The primary producer of platinum, palladium and gold said in its 2025 integrated annual report released on Friday that the monthly wages of entry-level category 4 underground employees in its South African operations, including guaranteed cost to company, rose from R27,248 in 2024.
“Various long-term wage agreements have been concluded at our South African operations over the past five years. During this period, entry-level category 4 employees have achieved real wage increases of 15% above the cost of living, inclusive of guaranteed cost-to-company, reflecting our commitment to fair and equitable remuneration,” it said.
The group also increased the pay of CEO Richard Stewart, who took over from Neal Froneman in October 2025. Stewart, who had served as chief regional officer for Southern Africa, was awarded R28.6m. Founding CEO Froneman, who retired in 2025, was awarded R73.73m linked to his salary, cash bonuses, share awards and the strong performance of the share price.
Sibanye said that while South Africa had a high Gini coefficient — a measure of economic inequality that ranks South Africa among the worst — the equitable income distribution across its footprint, which includes the US and Australia, was more equitable.
“This underscores the group’s role in providing inclusive economic opportunities, particularly in a country where broader income inequality remains elevated,“ it said.
It is most encouraging to see the group’s first major greenfield project nearing completion.
— Sibanye-Stillwater annual report
Spun off from Gold Fields in 2012 and pivoted from a gold player to a diversified precious metals producer, Sibanye said it was positioned to meet demand for critical minerals required for the energy transition thanks to its strategy to expand its footprint in the European and North American markets.
It said further legislation was being considered in parts of North America and Europe to incentivise local production across all stages of the mineral value chain, paving the way for Sibanye to be at the forefront of the global energy transition.
“We are uniquely positioned to supply these metals responsibly — through primary mining, secondary mining and recycling — embracing the circular economy and building partnerships across the value chain,“ said the annual report.
Critical minerals needed for the transition to a green economy include lithium, nickel, cobalt and copper.
Critical mineral producers are benefiting from tax credits in countries such as the US, which incentivise critical mineral production and processing.
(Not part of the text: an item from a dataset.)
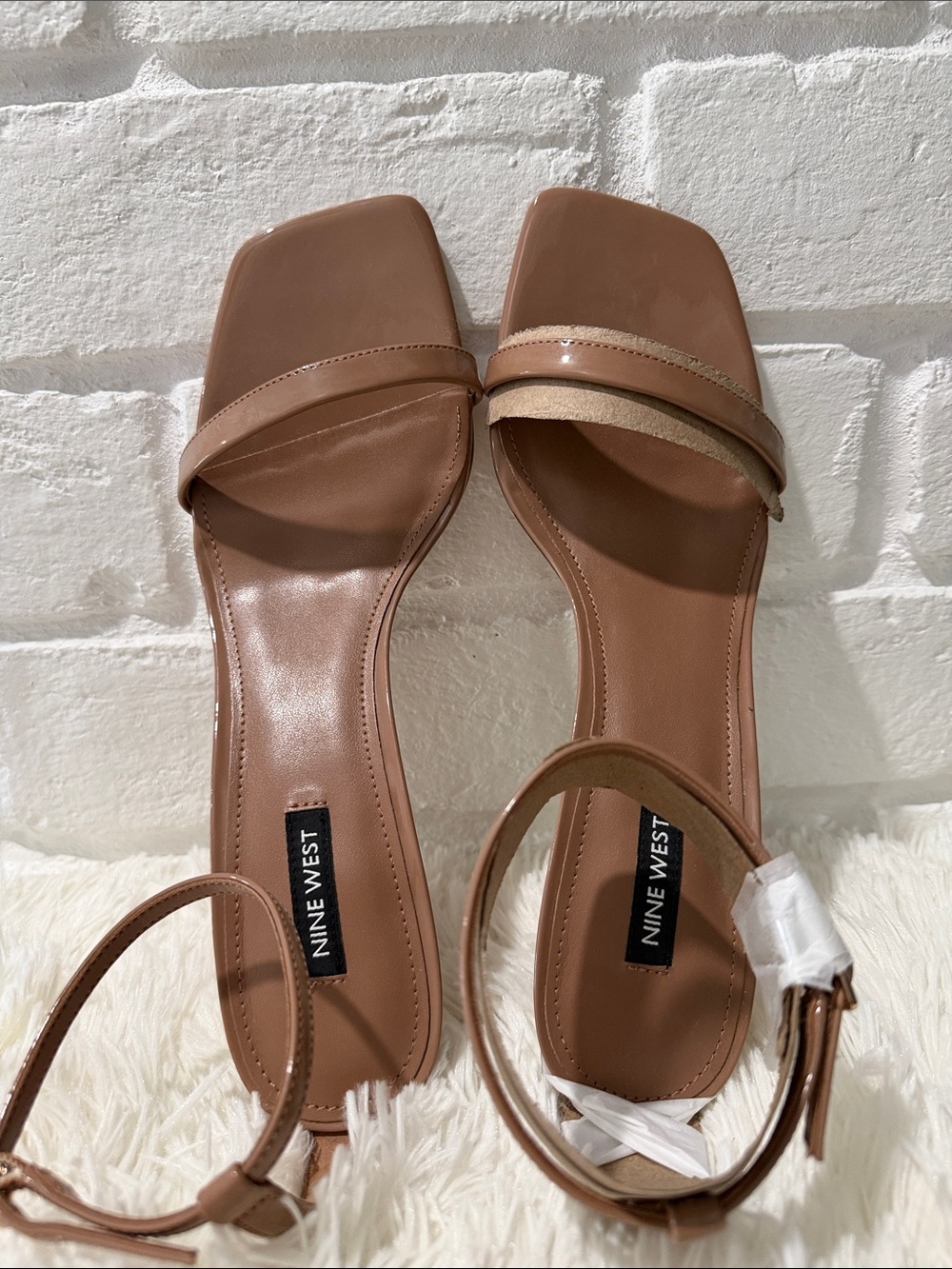 Nine West Brown Square-Toe Ankle Strap Sandals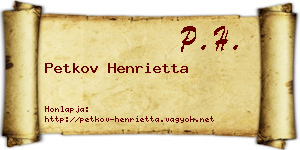 Petkov Henrietta névjegykártya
Sibanye-Stillwater, whose strategy aims for a high-performing future-looking business focused on shareholder returns, said its Keliber lithium project in Finland had advanced significantly during 2025, after a capex injection of €299m.
“It is most encouraging to see the group’s first major greenfield project nearing completion. Construction, including cold commissioning, is approaching full completion; and the first mining blast at the Syväjärvi open pit took place in February 2026,” said the group.
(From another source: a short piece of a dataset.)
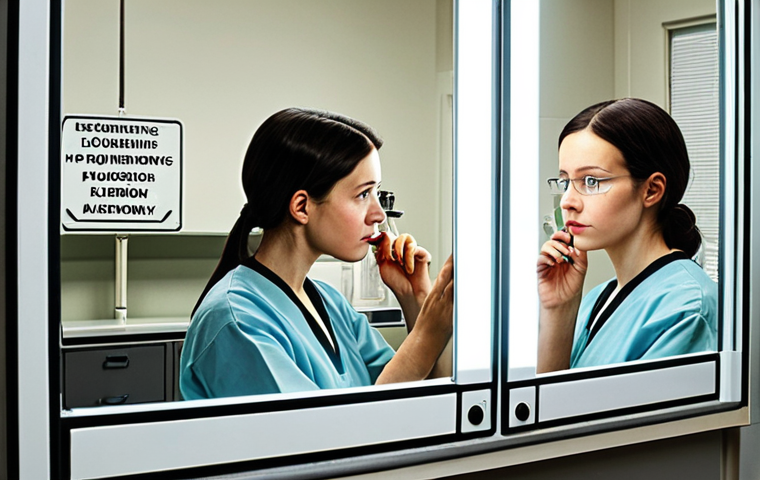 **
A person looking in a mirror that reflects various career paths and values. The mirror shows options like a scientist in a lab (learning), someone volunteering (social impact), an artist creating (creativity), and an entrepreneur working independently (autonomy). The person should look thoughtful and introspective.
**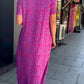 🔥50% OFF🔥Diamond Neck Pink Purple Floral Print Dress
Lithium prices were up 28% in 2025, buoyed by global growth in battery electric vehicle (BEVs) production of 28% in 2025 from 8% in 2024.
The group expects a robust lithium market in the year ahead, saying demand for 2026 is forecast to increase 19% from 2025 levels — most of this growth again resulting from greater demand for automotive batteries.
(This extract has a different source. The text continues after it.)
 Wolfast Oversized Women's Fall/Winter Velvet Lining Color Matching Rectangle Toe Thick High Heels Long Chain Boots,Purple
New projects remain well placed to meet market requirements in the next few years, under the right price conditions. Considering current projections for BEV penetration and BESS capacity, significant investment in new lithium supply will be required to meet forecast demand over the next decade
— Sibanye-Stillwater
Sibanye said the Zimbabwean government’s recent lithium concentrate export ban could materially tighten the lithium market, presenting prolonged price support.
“New projects remain well placed to meet market requirements in the next few years, under the right price conditions. Considering current projections for BEV penetration and BESS capacity, significant investment in new lithium supply will be required to meet forecast demand over the next decade,” it said.
Sibanye-Stillwater removed a legal hurdle after signing a settlement with Appian Capital, paying $215m (R3.57bn) to settle the dispute from its termination of a 2021 acquisition agreement for the Santa Rita nickel and Serrote copper mines.
The group had a solid 2025 after revenue rose 16% to R129.7bn, driven by platinum group metals (PGM) and gold performance in 2025. It reported better free cash flow and profitability while its debt was reduced to R22.1bn.
Ebitda (earnings before interest, taxes, depreciation, and amortisation), from the South African PGM operations more than doubled to R16.68bn, on the strong second-half recovery in 4E PGM basket prices, while revenue increased 19% to R60.88bn despite lower third-party concentrate volumes processed at Marikana due to heavy rainfall and the transition between tailings storage facilities.
South African gold revenue increased 19% to R37.06bn, driven by a 39% higher rand gold price, partly offset by lower volumes mainly due to operational disruptions at Kloof. Despite cost pressures, adjusted ebitda more than doubled to R12.51bn, benefiting from record rand gold prices in 2025.
Sibanye-Stillwater said while hybrid vehicles would extend the internal combustion engine era, the proportion of vehicles using internal combustion engines was forecast to decline steadily as BEV numbers increased.